Die Deutsche Forschungsgemeinschaft (DFG) fördert drei Forschungsprojekte im Bereich Plasmaphysik der Universität Kiel.

Was passiert, wenn man winzige Partikel in ein Plasma, also ein ionisiertes Gas oder Gasentladungen einbringt bzw. dort erzeugt? Diese Frage wird zurzeit intensiv untersucht. Zum einen sind viele grundlegende Fragen in diesem Forschungsfeld noch ungeklärt, etwa die Wechselwirkung von Plasmen mit Festkörperoberflächen.

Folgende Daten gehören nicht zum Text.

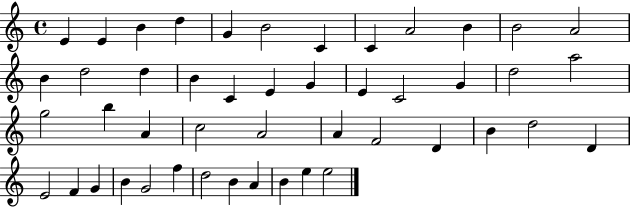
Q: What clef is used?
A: treble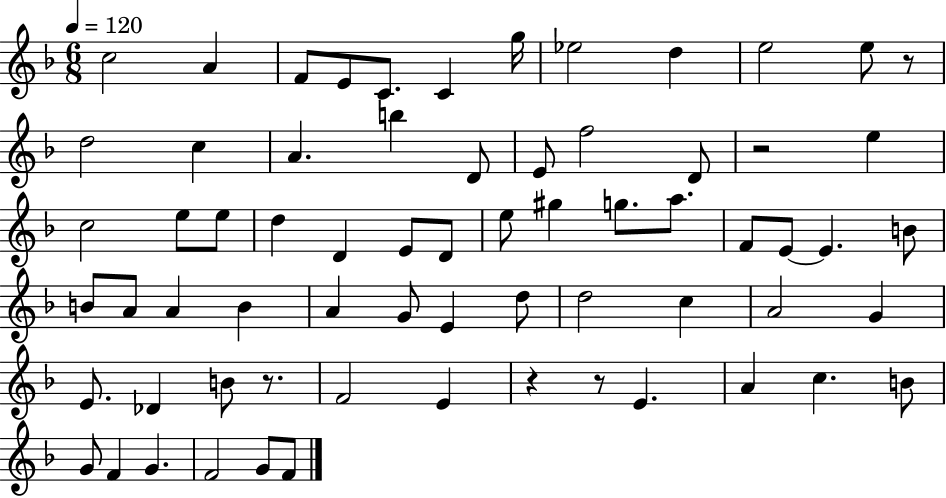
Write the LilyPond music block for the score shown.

{
  \clef treble
  \numericTimeSignature
  \time 6/8
  \key f \major
  \tempo 4 = 120
  \repeat volta 2 { c''2 a'4 | f'8 e'8 c'8. c'4 g''16 | ees''2 d''4 | e''2 e''8 r8 | \break d''2 c''4 | a'4. b''4 d'8 | e'8 f''2 d'8 | r2 e''4 | \break c''2 e''8 e''8 | d''4 d'4 e'8 d'8 | e''8 gis''4 g''8. a''8. | f'8 e'8~~ e'4. b'8 | \break b'8 a'8 a'4 b'4 | a'4 g'8 e'4 d''8 | d''2 c''4 | a'2 g'4 | \break e'8. des'4 b'8 r8. | f'2 e'4 | r4 r8 e'4. | a'4 c''4. b'8 | \break g'8 f'4 g'4. | f'2 g'8 f'8 | } \bar "|."
}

Zum anderen basieren zahlreiche technologische Anwendungen auf Nano- und Mikroteilchen, zum Beispiel verbesserte Katalysatoren für chemische Reaktionen, Elektroden für wieder aufladbare Batterien mit sehr hoher Kapazität oder neue Generationen von Solarzellen oder LEDs. Mit insgesamt 1,1 Millionen Euro fördert jetzt die Deutsche Forschungsgemeinschaft (DFG) gleich drei Forschungsprojekte in der Plasmaphysik an der Christian-Albrechts-Universität zu Kiel (CAU), die die Wechselwirkung von Plasmen mit jeweils unterschiedlich großen Partikeln erforschen.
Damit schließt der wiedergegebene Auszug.